──────── SUPPLIED MATERIAL ────────

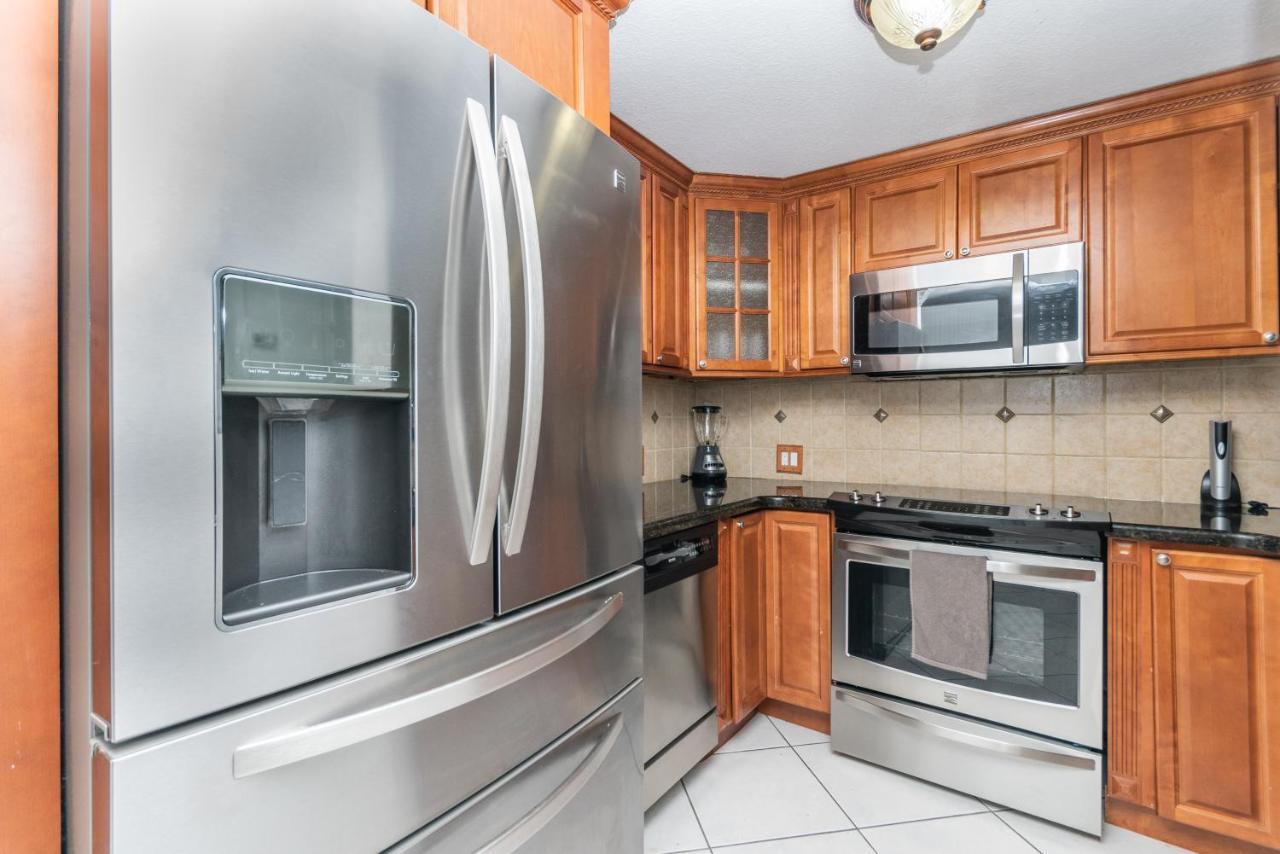 Beautiful 2/2.5 W/free Parking Fast Wifi Apartment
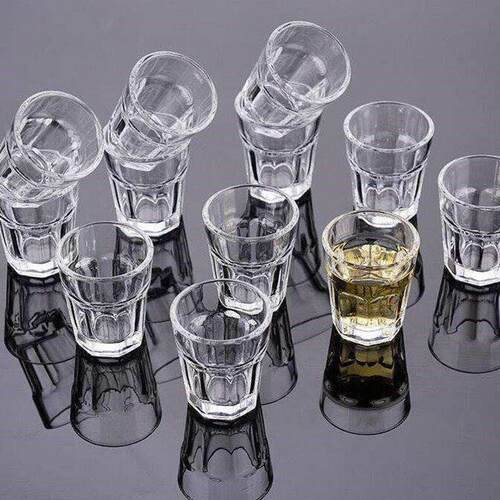 Give away 2 or 2 es of baijiu, glass spirits, 1 shot o酒杯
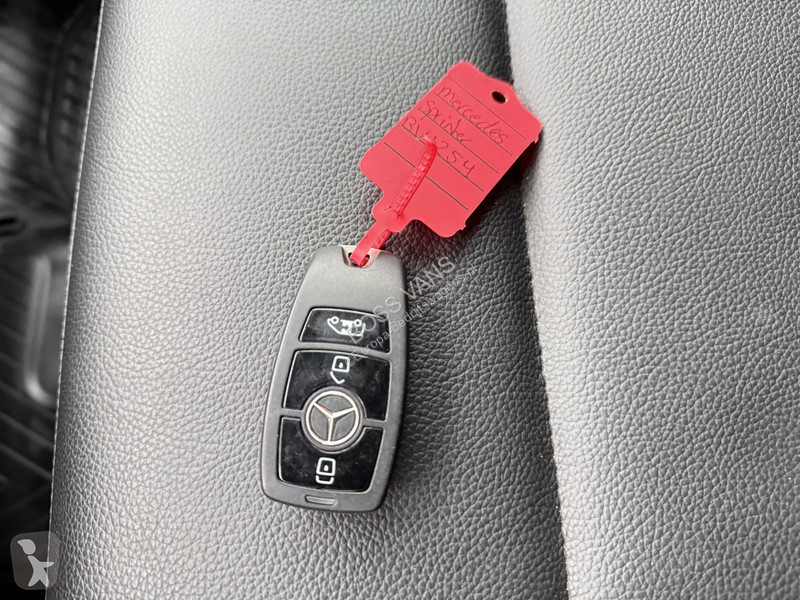 Véhicule utilitaire Mercedes 317 1.9 CDI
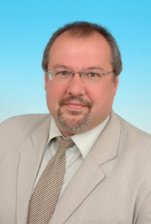 Mgr. Dušan Krompolc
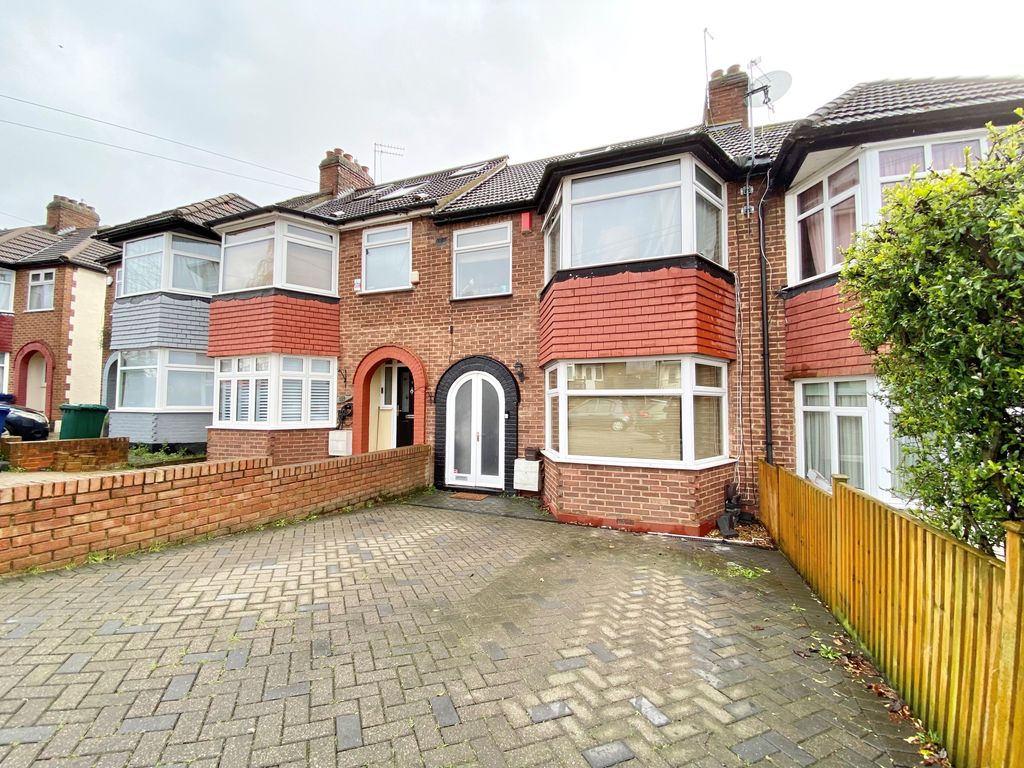 4 bed terraced house for sale in Daneland, East EN4, £700,000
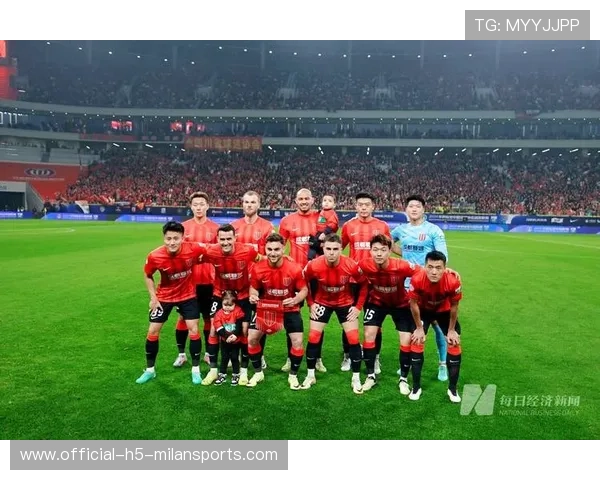 成都蓉城拜合拉木连续冲刺拉扯,防线被迫后退 成都蓉城拜合拉木连续冲刺拉扯,防线被迫后退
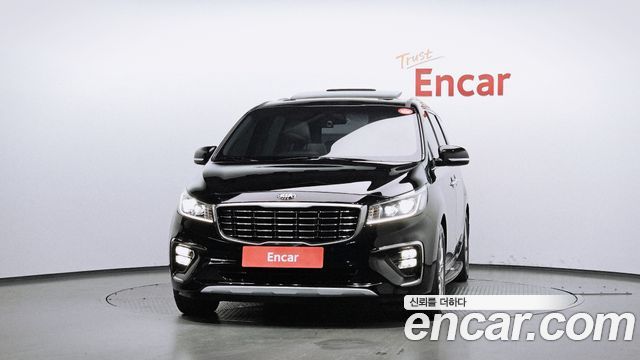 Kia Carnival 9-Seater Prstige 2019 — фото 3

────────

• ABOUT THIS TASK
Omitting all pictures, restate word for word the lines from the one containing "Véhicule utilitaire Mercedes 317 1.9 CDI" through the last line of the data.

• ANSWER TO THIS EXERCISE
 Véhicule utilitaire Mercedes 317 1.9 CDI
 Mgr. Dušan Krompolc
 4 bed terraced house for sale in Daneland, East EN4, £700,000
 成都蓉城拜合拉木连续冲刺拉扯,防线被迫后退 成都蓉城拜合拉木连续冲刺拉扯,防线被迫后退
 Kia Carnival 9-Seater Prstige 2019 — фото 3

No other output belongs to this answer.